● **PROMPT**: For the word "American", copy every line of the material that includes it.

::: SOURCE INFORMATION

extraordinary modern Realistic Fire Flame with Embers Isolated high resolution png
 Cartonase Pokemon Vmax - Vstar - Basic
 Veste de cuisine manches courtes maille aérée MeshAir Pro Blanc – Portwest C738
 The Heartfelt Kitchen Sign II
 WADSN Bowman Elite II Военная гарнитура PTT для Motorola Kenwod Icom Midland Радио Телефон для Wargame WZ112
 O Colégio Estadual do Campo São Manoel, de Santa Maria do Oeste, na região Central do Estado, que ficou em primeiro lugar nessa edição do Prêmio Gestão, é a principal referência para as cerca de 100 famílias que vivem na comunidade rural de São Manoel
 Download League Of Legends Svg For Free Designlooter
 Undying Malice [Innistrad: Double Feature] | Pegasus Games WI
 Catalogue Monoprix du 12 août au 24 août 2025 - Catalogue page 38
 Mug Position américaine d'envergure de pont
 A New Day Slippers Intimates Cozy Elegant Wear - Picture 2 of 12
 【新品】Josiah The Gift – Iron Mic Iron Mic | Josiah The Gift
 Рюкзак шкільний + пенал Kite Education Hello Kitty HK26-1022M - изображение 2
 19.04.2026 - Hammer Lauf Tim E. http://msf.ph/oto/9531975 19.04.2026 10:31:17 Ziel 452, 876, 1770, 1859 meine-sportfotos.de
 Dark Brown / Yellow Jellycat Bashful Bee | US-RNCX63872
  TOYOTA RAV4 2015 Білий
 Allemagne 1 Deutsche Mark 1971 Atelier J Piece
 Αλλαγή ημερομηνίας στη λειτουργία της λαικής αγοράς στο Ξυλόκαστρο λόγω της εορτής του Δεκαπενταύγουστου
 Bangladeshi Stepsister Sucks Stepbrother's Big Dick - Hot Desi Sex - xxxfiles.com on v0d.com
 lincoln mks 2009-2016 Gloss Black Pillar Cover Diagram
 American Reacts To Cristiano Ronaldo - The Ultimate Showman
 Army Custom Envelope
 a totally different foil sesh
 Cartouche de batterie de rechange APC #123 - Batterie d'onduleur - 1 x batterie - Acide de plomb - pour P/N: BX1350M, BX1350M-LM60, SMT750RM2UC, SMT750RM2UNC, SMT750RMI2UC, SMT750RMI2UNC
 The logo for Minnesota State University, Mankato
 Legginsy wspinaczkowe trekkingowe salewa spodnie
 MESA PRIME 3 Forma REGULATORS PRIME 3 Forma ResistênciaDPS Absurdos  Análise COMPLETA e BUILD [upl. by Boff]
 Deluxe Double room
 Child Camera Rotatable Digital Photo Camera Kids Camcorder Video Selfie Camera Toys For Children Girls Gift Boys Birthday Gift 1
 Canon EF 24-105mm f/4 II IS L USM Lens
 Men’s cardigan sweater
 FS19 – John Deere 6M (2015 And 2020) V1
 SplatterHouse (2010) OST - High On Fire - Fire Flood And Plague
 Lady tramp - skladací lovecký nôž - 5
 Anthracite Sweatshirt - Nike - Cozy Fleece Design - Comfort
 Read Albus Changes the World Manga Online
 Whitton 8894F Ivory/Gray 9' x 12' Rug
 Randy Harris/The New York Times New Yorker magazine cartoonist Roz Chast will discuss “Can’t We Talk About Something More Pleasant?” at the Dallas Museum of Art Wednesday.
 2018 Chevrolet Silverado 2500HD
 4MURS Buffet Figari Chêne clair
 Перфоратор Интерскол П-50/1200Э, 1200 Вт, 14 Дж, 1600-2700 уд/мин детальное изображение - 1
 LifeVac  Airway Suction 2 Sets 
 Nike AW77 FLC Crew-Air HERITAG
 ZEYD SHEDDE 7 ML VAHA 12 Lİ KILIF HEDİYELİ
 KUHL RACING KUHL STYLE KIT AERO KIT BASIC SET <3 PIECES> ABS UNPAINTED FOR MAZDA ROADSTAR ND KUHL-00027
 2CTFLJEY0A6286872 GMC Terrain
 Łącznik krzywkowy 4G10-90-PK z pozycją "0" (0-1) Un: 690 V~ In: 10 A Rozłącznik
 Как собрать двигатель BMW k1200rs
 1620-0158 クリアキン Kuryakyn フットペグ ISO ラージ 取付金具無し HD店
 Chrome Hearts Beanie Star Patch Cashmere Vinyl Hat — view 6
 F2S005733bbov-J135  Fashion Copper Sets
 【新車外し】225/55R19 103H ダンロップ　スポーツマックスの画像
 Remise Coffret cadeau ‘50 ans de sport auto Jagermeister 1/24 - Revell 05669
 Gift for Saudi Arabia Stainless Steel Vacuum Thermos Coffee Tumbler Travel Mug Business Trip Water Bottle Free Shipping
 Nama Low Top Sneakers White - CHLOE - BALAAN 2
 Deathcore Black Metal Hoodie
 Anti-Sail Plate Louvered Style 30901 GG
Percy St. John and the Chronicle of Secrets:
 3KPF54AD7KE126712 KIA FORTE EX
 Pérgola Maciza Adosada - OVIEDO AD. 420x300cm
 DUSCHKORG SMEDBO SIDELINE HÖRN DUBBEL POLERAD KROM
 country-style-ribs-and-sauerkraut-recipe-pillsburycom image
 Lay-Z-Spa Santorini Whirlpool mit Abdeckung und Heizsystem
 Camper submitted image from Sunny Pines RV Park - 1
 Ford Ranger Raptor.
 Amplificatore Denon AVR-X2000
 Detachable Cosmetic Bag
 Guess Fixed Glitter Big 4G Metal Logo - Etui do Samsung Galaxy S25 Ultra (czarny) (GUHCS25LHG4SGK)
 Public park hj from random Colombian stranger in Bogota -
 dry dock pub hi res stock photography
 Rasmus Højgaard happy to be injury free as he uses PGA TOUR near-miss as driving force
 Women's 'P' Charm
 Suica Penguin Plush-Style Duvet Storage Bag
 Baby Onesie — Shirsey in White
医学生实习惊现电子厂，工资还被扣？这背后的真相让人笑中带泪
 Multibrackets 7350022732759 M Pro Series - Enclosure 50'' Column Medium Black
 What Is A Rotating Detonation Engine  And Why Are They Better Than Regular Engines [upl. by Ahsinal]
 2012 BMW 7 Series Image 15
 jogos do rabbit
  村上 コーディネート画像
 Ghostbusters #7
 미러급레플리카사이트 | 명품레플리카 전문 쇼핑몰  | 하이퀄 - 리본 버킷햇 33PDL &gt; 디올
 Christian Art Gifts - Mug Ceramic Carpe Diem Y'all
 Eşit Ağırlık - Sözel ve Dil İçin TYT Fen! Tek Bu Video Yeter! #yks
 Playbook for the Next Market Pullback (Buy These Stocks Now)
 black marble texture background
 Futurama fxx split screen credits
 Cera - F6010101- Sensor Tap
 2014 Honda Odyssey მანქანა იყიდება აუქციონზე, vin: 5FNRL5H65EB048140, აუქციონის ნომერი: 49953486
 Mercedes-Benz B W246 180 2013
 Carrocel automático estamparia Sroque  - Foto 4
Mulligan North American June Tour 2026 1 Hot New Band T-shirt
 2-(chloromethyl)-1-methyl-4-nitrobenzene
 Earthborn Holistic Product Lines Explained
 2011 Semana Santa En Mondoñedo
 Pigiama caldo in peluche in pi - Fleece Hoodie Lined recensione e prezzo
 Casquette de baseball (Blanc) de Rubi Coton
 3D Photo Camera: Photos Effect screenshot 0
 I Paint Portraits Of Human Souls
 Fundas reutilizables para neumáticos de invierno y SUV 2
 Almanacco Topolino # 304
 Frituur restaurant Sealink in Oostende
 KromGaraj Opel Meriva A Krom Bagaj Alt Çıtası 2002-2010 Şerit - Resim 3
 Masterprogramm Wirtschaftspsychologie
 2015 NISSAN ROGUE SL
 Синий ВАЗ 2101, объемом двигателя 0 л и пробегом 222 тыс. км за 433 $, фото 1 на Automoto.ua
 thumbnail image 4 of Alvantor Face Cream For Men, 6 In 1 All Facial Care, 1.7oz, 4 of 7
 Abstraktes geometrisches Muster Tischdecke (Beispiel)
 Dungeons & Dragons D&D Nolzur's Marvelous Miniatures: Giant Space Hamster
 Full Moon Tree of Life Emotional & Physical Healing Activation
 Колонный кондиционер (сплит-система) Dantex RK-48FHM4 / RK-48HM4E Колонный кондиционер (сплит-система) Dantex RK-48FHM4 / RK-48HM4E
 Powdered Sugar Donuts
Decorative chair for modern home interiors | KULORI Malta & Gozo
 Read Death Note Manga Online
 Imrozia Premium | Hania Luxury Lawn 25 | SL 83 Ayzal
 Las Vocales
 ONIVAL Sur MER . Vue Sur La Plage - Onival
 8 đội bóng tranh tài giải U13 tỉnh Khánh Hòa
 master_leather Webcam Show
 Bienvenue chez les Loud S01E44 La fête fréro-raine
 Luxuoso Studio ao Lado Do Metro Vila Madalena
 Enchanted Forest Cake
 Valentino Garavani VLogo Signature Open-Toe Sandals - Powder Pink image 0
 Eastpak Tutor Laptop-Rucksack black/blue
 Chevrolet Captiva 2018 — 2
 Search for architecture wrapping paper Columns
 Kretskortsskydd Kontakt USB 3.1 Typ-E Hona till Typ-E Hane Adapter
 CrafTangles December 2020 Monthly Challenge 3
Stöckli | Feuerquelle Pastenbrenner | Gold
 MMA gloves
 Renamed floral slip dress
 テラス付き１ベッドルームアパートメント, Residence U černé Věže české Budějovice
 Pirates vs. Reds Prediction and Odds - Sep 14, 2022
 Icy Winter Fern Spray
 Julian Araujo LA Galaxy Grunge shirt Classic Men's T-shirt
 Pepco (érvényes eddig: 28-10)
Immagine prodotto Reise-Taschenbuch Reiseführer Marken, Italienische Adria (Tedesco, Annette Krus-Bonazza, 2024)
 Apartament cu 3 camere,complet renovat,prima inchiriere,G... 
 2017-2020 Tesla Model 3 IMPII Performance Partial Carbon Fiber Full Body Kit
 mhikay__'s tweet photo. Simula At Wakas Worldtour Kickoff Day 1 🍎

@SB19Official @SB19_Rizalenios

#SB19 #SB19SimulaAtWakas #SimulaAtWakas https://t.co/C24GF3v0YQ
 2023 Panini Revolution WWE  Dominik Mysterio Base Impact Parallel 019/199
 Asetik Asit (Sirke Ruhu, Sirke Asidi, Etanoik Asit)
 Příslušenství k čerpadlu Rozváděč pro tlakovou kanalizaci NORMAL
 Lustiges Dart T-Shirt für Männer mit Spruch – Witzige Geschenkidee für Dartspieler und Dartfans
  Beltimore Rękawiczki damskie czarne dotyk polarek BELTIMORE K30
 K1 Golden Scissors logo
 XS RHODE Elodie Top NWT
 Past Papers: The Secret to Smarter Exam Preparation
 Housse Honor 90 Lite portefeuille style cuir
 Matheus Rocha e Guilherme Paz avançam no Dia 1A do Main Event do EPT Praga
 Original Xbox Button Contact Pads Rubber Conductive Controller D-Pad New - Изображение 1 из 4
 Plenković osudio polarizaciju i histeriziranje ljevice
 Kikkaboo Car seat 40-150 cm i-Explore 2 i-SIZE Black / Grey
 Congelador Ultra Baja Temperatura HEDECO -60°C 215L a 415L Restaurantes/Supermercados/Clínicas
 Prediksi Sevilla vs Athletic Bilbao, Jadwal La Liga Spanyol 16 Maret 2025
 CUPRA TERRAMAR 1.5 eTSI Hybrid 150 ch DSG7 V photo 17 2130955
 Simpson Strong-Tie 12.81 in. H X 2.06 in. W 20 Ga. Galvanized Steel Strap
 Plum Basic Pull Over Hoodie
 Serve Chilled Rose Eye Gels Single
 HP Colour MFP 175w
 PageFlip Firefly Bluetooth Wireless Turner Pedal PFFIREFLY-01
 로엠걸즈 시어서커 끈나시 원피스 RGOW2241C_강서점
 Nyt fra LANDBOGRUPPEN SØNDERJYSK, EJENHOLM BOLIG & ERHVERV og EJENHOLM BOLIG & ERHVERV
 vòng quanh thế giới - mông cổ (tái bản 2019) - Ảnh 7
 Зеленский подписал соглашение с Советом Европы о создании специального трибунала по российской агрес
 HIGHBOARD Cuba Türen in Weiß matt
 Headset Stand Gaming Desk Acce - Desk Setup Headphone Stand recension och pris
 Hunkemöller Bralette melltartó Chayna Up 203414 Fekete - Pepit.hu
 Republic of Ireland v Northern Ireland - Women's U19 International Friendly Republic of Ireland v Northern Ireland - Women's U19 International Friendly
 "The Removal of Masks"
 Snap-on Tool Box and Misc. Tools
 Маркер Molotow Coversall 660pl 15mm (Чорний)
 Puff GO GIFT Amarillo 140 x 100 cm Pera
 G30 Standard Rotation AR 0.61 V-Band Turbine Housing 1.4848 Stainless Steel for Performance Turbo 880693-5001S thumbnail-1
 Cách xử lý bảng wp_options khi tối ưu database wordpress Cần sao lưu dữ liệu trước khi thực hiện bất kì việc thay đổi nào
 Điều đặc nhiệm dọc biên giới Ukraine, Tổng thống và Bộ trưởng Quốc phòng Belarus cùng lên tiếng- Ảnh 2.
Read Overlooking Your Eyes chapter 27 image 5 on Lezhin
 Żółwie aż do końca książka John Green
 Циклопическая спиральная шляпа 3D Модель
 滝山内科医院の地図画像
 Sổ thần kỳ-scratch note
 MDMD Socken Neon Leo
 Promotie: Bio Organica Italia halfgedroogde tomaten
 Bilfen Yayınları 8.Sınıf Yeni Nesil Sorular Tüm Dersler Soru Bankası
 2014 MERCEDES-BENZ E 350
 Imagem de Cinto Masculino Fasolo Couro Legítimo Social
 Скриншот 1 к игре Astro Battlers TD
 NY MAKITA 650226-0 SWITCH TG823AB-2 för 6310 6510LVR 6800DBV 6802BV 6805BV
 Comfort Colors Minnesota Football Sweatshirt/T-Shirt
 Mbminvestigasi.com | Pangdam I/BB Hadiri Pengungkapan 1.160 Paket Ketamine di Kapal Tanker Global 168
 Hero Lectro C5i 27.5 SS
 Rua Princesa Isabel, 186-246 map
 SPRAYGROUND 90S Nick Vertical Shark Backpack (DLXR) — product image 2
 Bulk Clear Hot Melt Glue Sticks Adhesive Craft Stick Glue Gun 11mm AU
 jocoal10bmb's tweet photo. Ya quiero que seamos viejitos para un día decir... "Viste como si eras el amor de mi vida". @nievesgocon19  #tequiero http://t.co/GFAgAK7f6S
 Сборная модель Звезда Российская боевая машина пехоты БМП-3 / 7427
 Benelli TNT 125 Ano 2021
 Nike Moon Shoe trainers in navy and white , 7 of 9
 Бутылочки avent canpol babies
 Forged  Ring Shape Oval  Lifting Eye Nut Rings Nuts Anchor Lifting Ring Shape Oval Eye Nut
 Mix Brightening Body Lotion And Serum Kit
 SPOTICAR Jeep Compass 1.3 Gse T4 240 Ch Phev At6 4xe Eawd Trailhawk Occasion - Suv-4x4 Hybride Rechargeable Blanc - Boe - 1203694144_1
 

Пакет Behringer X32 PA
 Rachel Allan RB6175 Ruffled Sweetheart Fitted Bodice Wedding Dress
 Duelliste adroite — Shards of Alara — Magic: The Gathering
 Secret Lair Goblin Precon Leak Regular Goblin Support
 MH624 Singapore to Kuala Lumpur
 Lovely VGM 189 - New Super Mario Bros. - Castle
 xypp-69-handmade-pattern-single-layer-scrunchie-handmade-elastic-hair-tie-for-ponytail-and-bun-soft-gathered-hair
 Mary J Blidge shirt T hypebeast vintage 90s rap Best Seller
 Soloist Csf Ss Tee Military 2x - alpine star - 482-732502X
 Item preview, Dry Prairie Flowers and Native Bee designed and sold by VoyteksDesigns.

::::::

● **RESPONSE AREA**:
 American Reacts To Cristiano Ronaldo - The Ultimate Showman
Mulligan North American June Tour 2026 1 Hot New Band T-shirt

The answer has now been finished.